Body-scanning offers precision, but it can cause a different type of discomfort. A startup called My Size Inc. discovered that shoppers weren’t always happy with the size recommendation when it tested its body-scanning app in a New York pop-up store in July.
“They’d say, ’I’m not a large, I’m a medium,’” said Ronen Luzon, My Size’s chief executive. To get around the problem, MySize ran a second test in which it replaced sizes with colors.
Most apparel in preindustrial America was made-to-measure at home or by professional dressmakers and tailors. That changed during the Civil War, when factories churned out military uniforms, according to the National Institute of Standards and Technology.

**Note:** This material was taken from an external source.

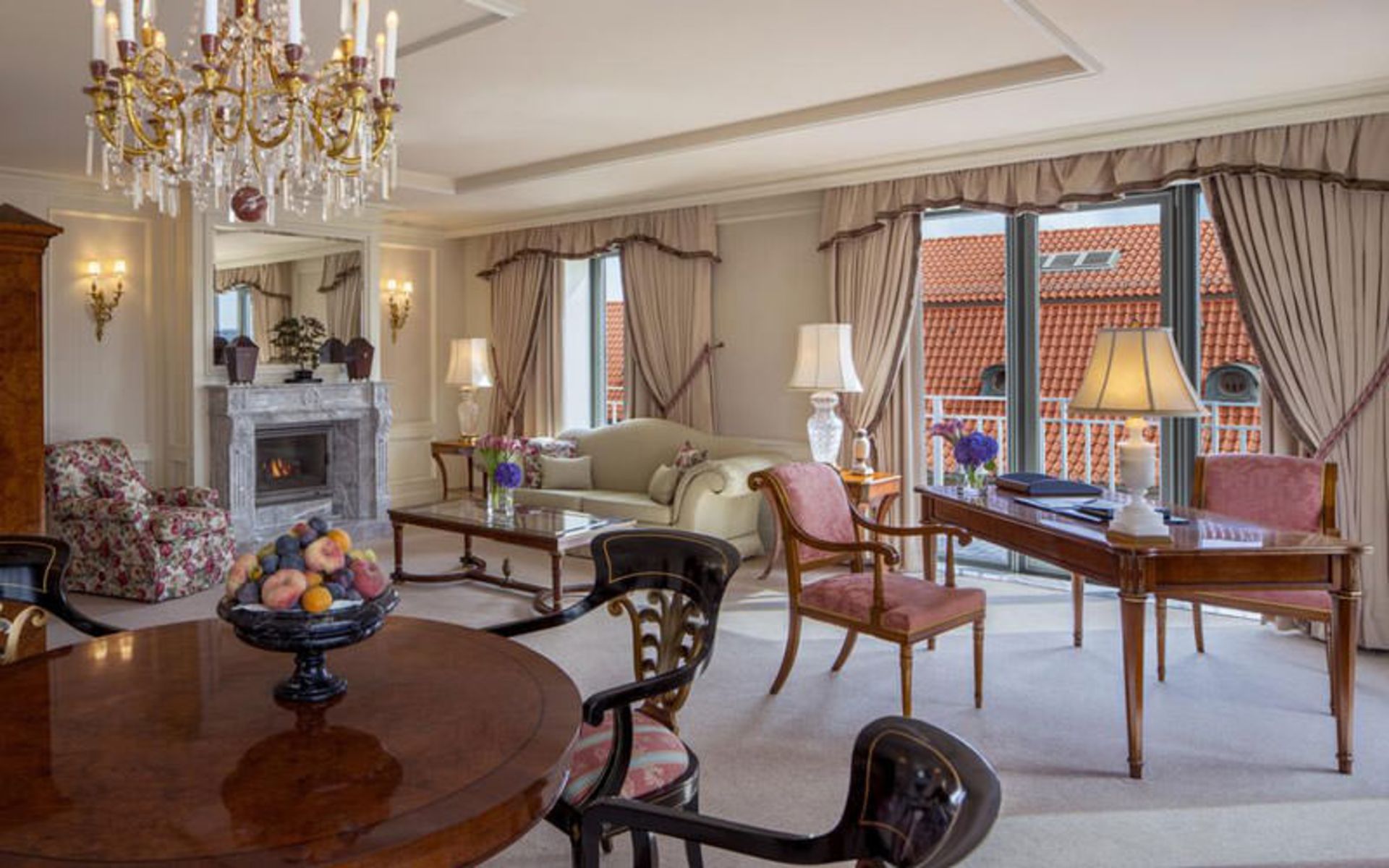هتل رجنت برلین (Regent Berlin)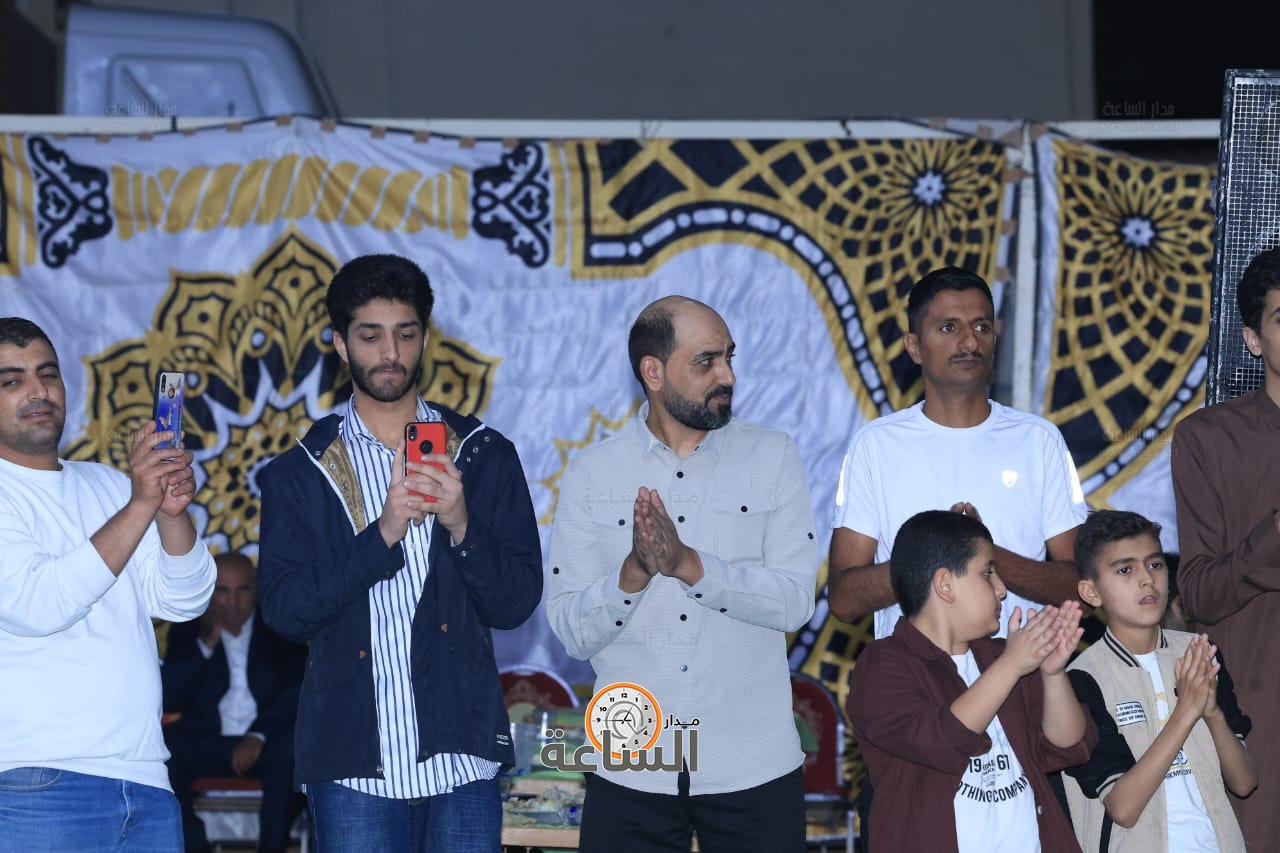 Madar Al-Saa Images 0.4474494732753044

Women’s ready-to-wear clothing took off in the 1930s, and by the end of that decade the U.S. Department of Agriculture conducted the first large-scale study of women’s body sizes. Technicians took 59 measurements from about 15,000 women. The data were flawed, partly because the study only included white women, said Lynn Boorady, a professor at Oklahoma State University, who has studied the subject.
In the mid-1940s, the Mail Order Association of America, which was grappling with high return rates, urged a predecessor of the Institute to reanalyze the Agriculture Department data. The result became the basis for clothing sizes in 1958.
As Americans got bigger, manufacturers adopted vanity sizing in the 1980s; clothing got larger, but the sizes stayed the same.
The SizeUSA study last decade determined there were more than 300 standard measurements, resulting in thousands of size combinations. Manufacturers didn’t need to make them all, but the data was sent to them raw and decoding it would have required a statistician, Ms. Boorady said.
Some brands are sidestepping the size issue altogether. Instead of small, medium and large, athletic-wear maker Grrrl Clothing names its sizes after female athletes, including Heidi Cordner, a 6-foot arm-wrestling champion, and Zhang Weili, a strawweight champion in the Ultimate Fighting Championship.
Shoppers still have to match their measurements to those posted on the website for each athlete. “But they don’t have to deal with the stigma of ordering a XXL,” Chief Executive Kortney Olson said.